After: A ("a0") X ("a0V") B ("a1") C ("a2")

👉 Only one row is inserted/updated 👉 Ordering is handled via string comparison

How It Works (Intuition)

1. Use an ordered alphabet (commonly base-62: 0–9, A–Z, a–z)
2. Generate a key between two existing keys
3. If no space exists between them → extend key length
4. Growth is localized — only dense regions expand

👉 In practice, keys remain short for most workloads.

Complexity (Accurate View)

• Inserts: Amortized O(1)
• Worst case: O(k) where k = key length
• Reads: O(log n) (via indexed sort)

👉 Crucially: avoids O(n) rewrite cascades.

Concurrency Behavior

Fractional indexing is highly concurrency-friendly, but not magic:

• Two clients inserting at the same position may generate the same key
• Collisions are rare and handled via retry or tie-breaking
• No large-scale row conflicts like integer shifting

👉 Net effect: dramatically fewer conflicts in collaborative systems.

Why This Matters (Especially for IDP)

If you’re building document processing or workflow systems:

Think:

• Invoice line items
• Contract clauses
• Extracted fields with human corrections
• Template + runtime data merging

With integer ordering: ❌ Many rows rewritten per edit ❌ Conflicts during concurrent changes ❌ Audit logs filled with mechanical updates

With fractional indexing: ✅ Single-row inserts ✅ Minimal conflict surface ✅ Cleaner, intent-driven audit trails

Recommended Schema

id            → UUID  
document_id   → UUID  
sort_key      → VARCHAR(64)  
field_name    → VARCHAR  
field_value   → TEXT  
confidence    → FLOAT  
        

Add an index on:

(document_id, sort_key)
        

👉 Efficient ordered reads + localized writes.

Getting Started

import { generateKeyBetween } from 'fractional-indexing';

const first  = generateKeyBetween(null, null);    // "a0"
const second = generateKeyBetween(first, null);   // "a1"
const middle = generateKeyBetween(first, second); // "a0V"
        

👉 Libraries handle edge cases like key growth and collisions.
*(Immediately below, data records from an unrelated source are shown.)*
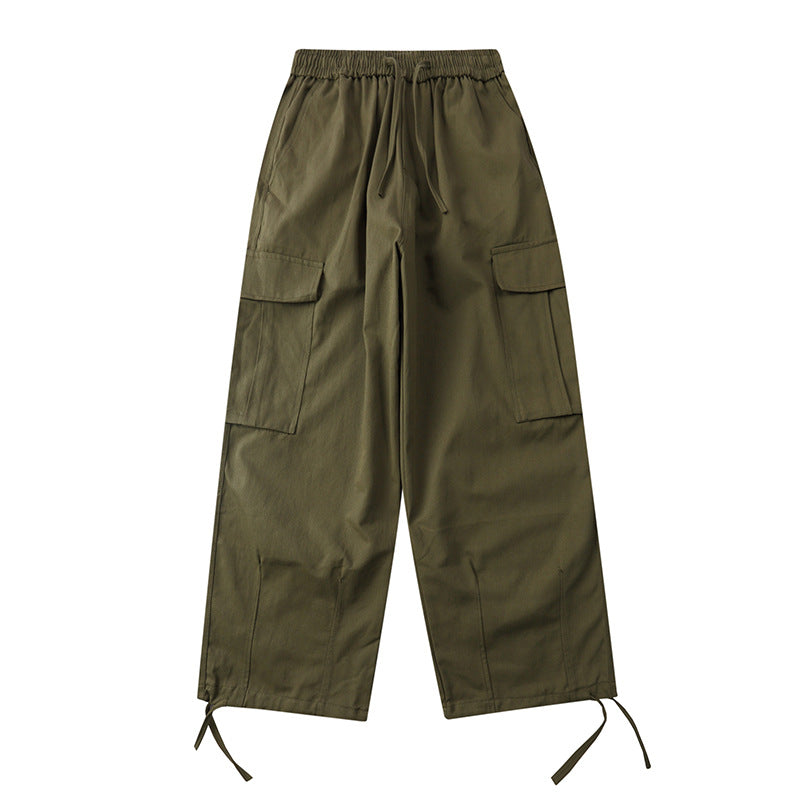 Drawstring Side Pockets Adjustable Trousers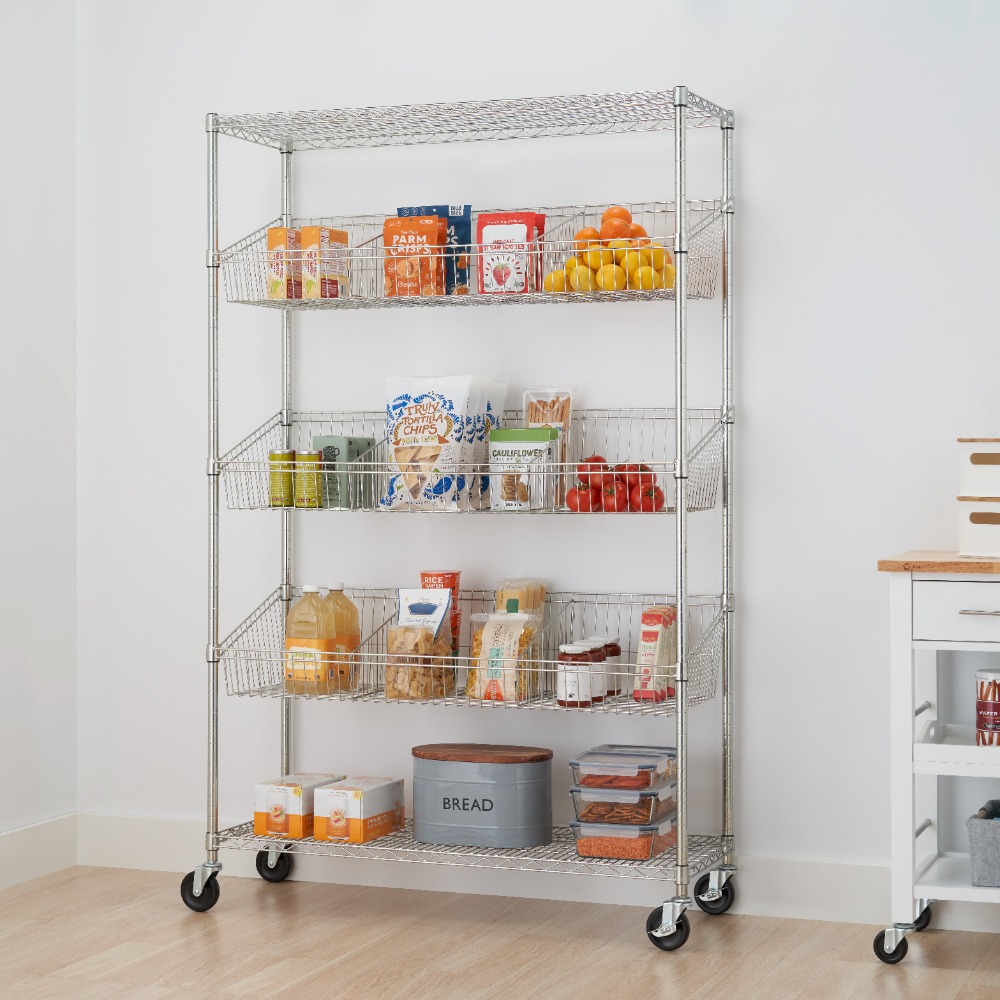 TRINITY 5-Tier NSF Wire Shelving w/ Baskets & Dividers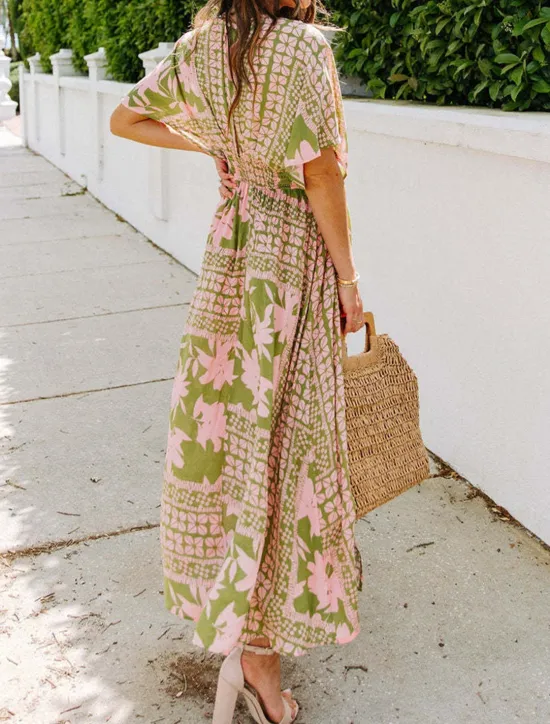 Online Women's Casual Dress Floral Split Print V Neck Long Dress Maxi Dress Vacation Short Sleeve Summer Women Spring Dresses|Floral Dresses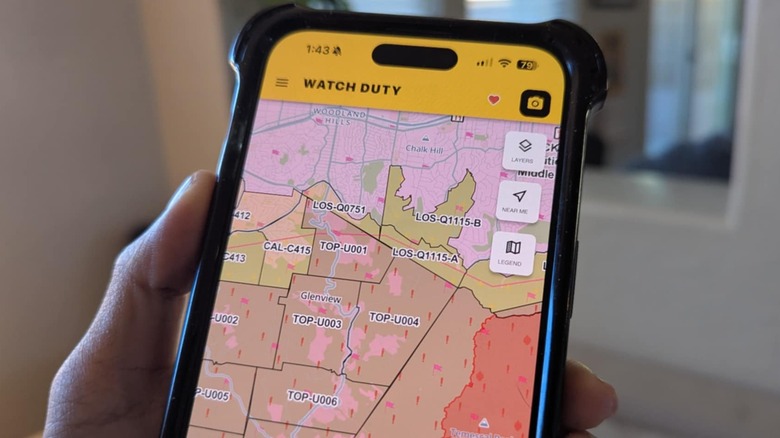 Watch Duty iPhone app shows fires in Los Angeles area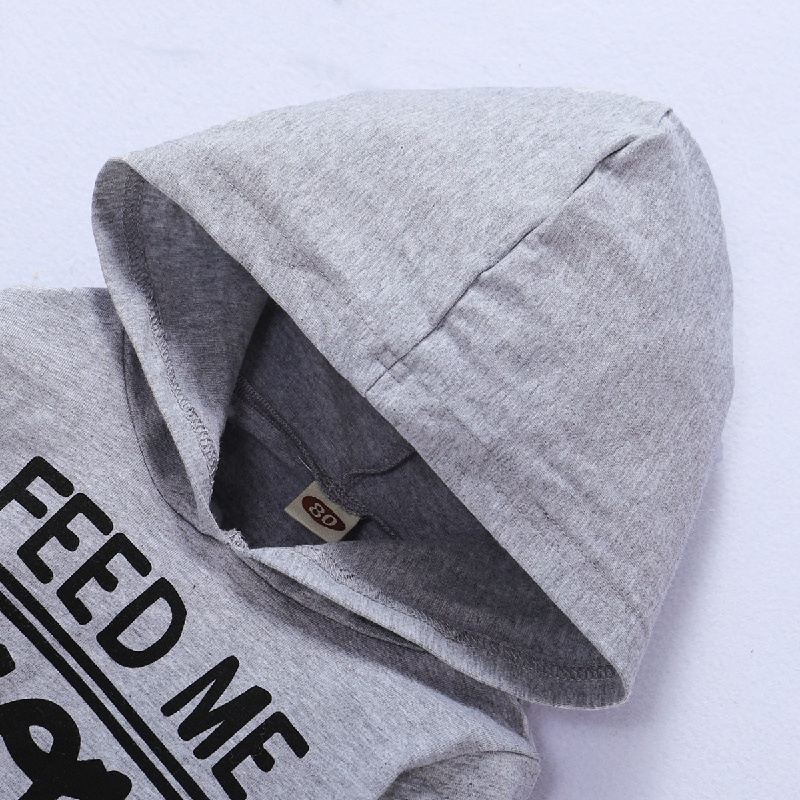 Set đồ 2 món Mikrdoo gồm áo hoodie tay dài in chữ + quần denim thời trang mùa thu cho bé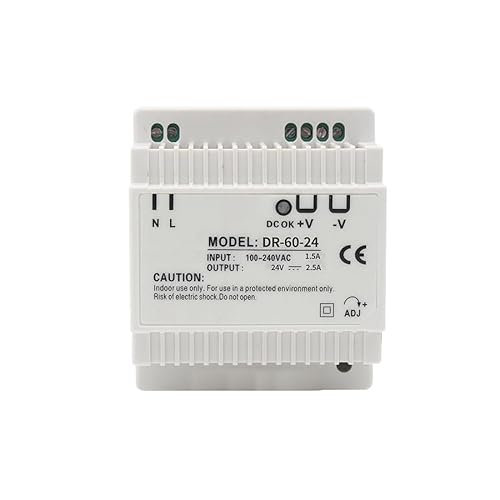 Honmidatek Transformador de Salida de Carril DIN de 24 V/2,5 A para videoportero de 2 Cables. Entrada de alimentación de 100-240 V AC, 50/60 Hz para videoportero Inteligente
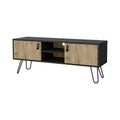 Black And Macadamia Hairpin Legs Tv Rack Black Natural Primary Living Space 40 49 Inches 40 49 Inches 50 Inches Wood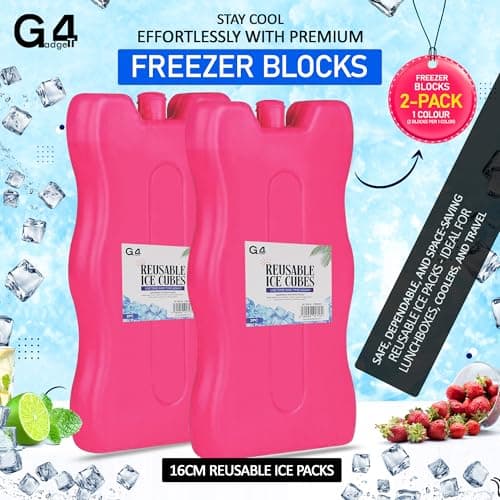 G4GADGET 16cm Freezer Blocks – Pack of 2 – Reusable Ice Packs for Coolers, Lunch Boxes, Travel & Outdoor Activities – Keeps Food Fresh and Drinks Cool — view 2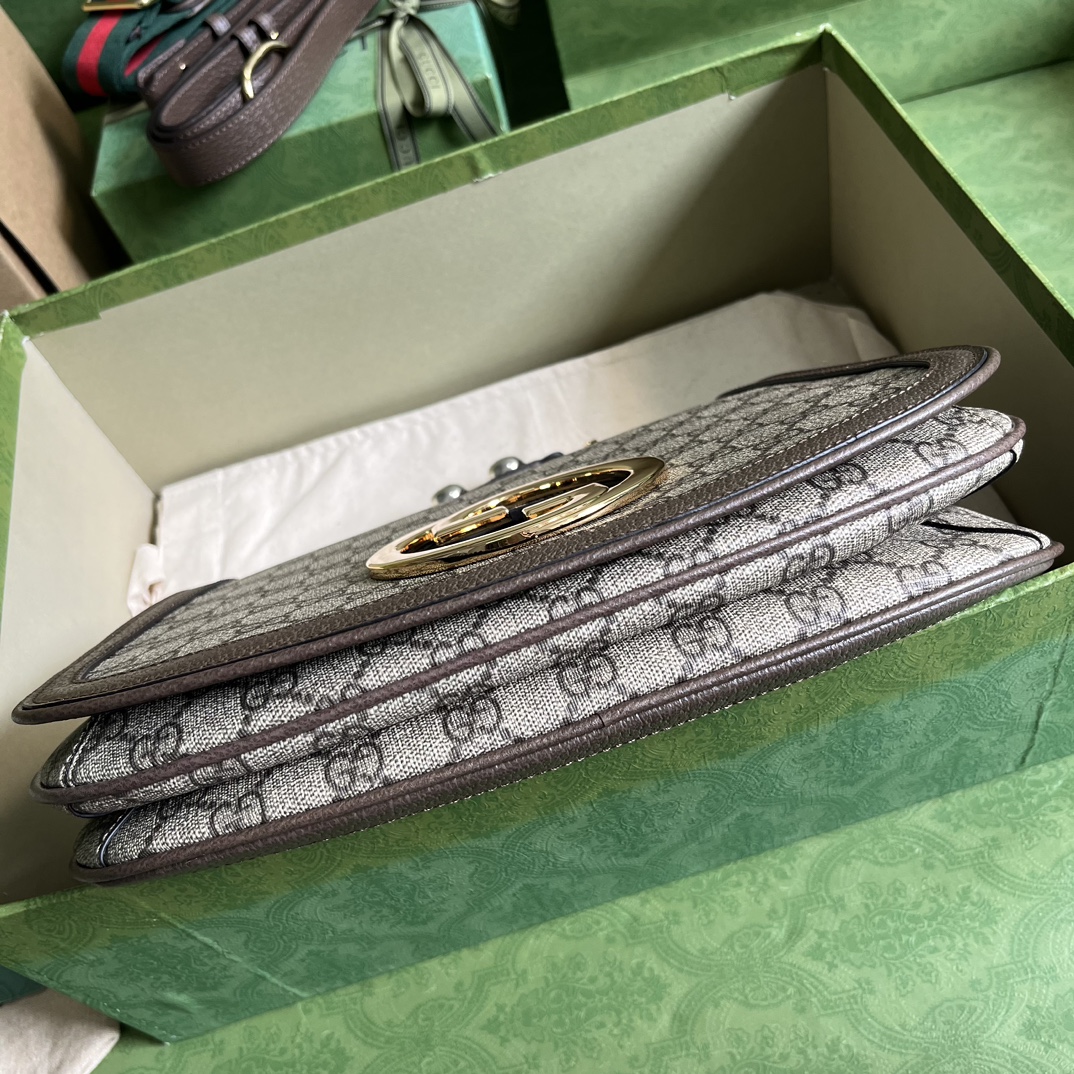 Gucci GG Women Blondie Medium Bag Beige Blue GG Supreme Canvas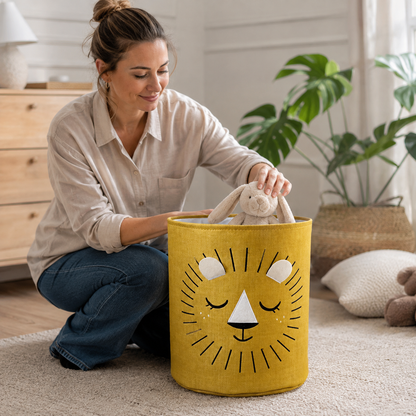 Multifunktionale Baumwoll-Aufbewahrungskörbe mit Tierdesign – 35 x 40 cm, Faltbar und Pflegeleicht für Spielzeug und Wäsche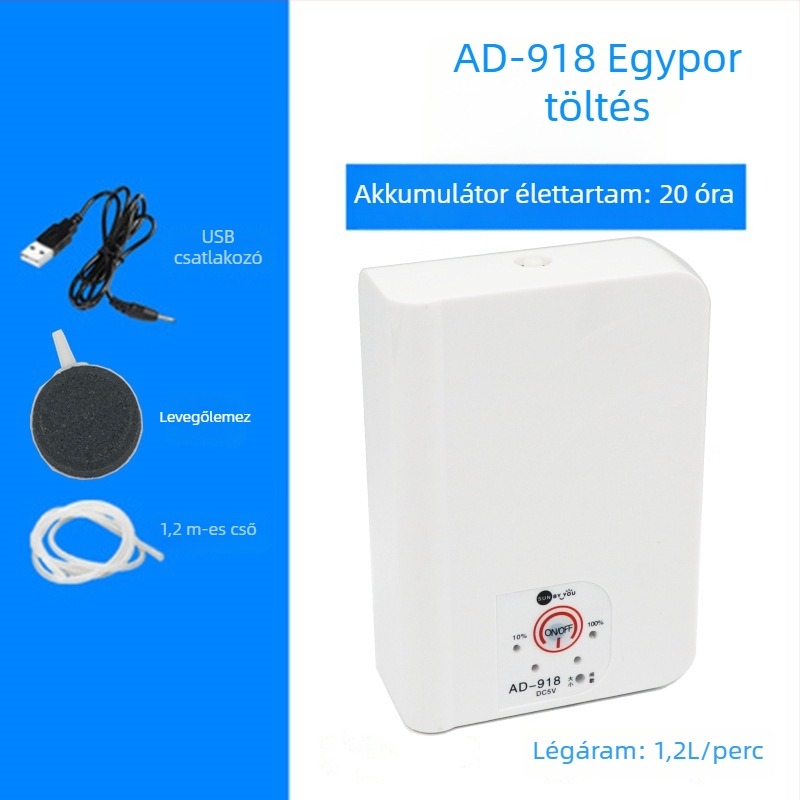 Spirit Companion oxigénszivattyú akváriumhoz – ultra halk, hordozható, USB-töltéses, DC-tápellátás, kettős használat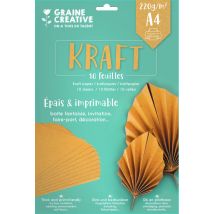 Pochette de 10 feuilles A4 papier Kraft épais 220 gr - Graine Créative - Mondial Tissus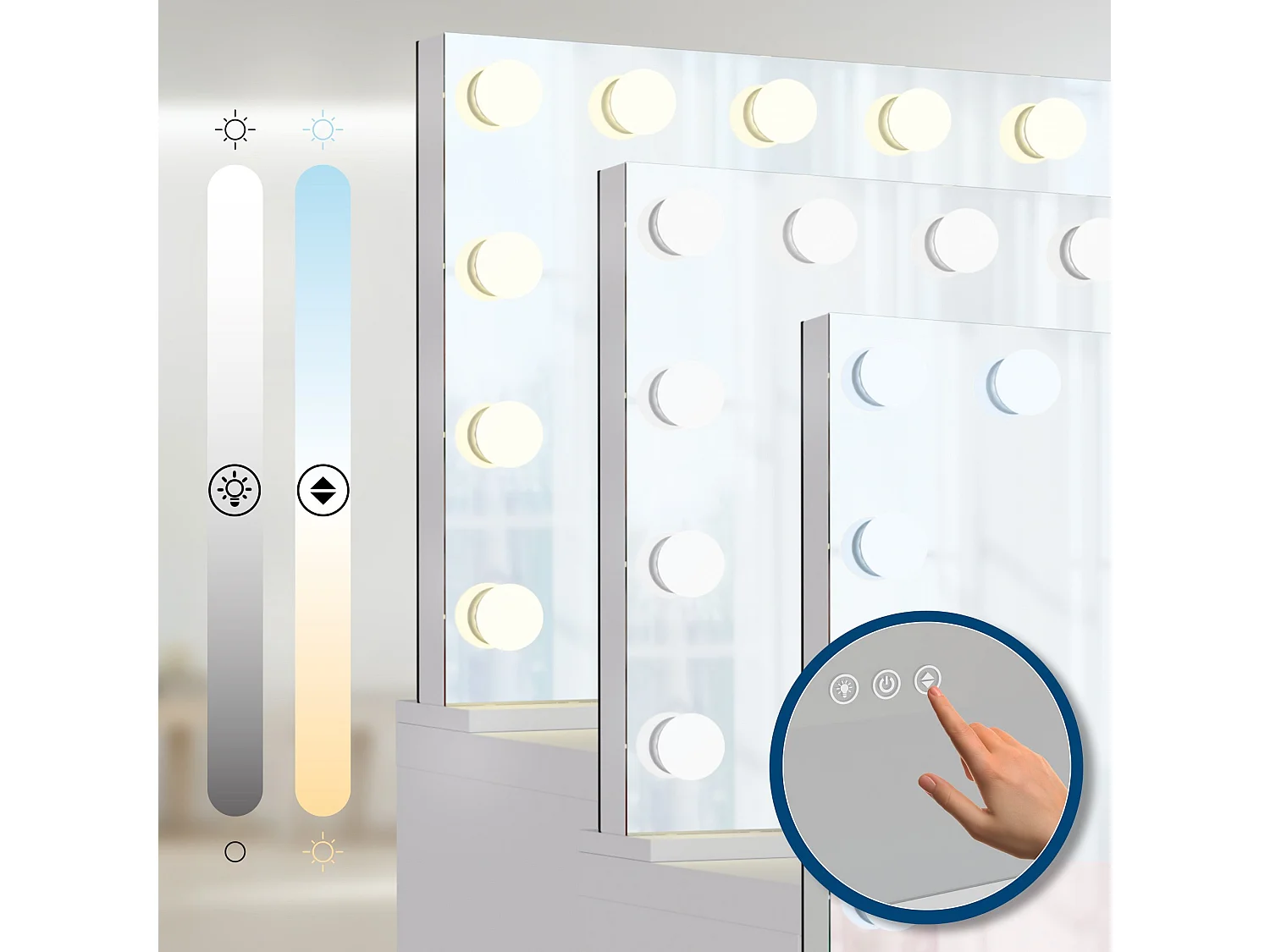 Coiffeuse - carré - Bois - 110 x 49 cm - Blanc - Lerona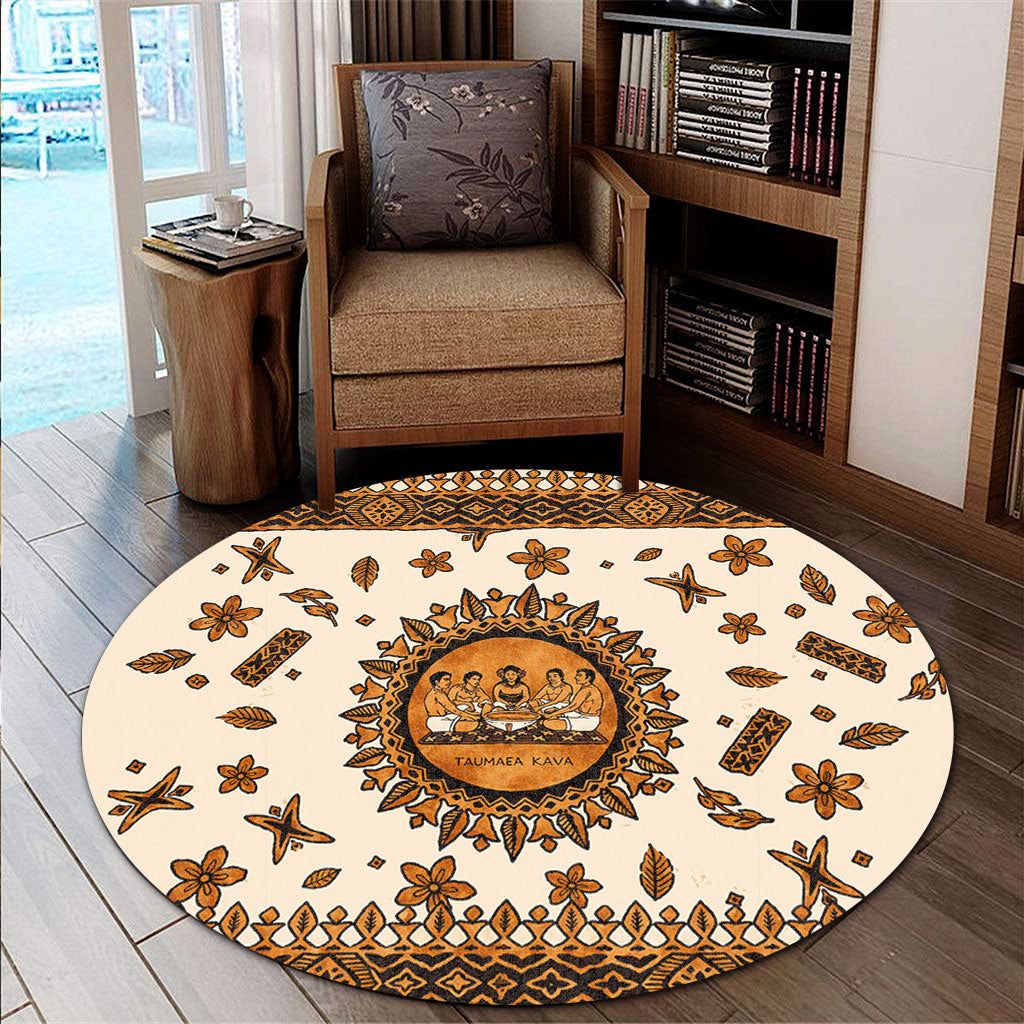Tonga Round Rug Taumafa Kava Ceremony Tapa Heritage Style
Trade-offs (Don’t Skip This)

• Keys grow in length in densely edited regions
• Slightly more complex mental model than integers
• Rare collisions require retry logic
• Debugging order is less intuitive than numeric fields

👉 Trade complexity for scalability and correctness.

Key Takeaways

• Integer ordering causes O(n) write amplification
• Sparse integers delay the problem but don’t eliminate it
• Fractional indexing provides amortized O(1) inserts
• Well-suited for collaborative and reorder-heavy systems
• Easy to implement, hard to outgrow

Next time you reach for sort_order INTEGER, pause.

Ask yourself: 👉 “Will this list ever be reordered frequently or concurrently?”

If yes — You already know the better approach.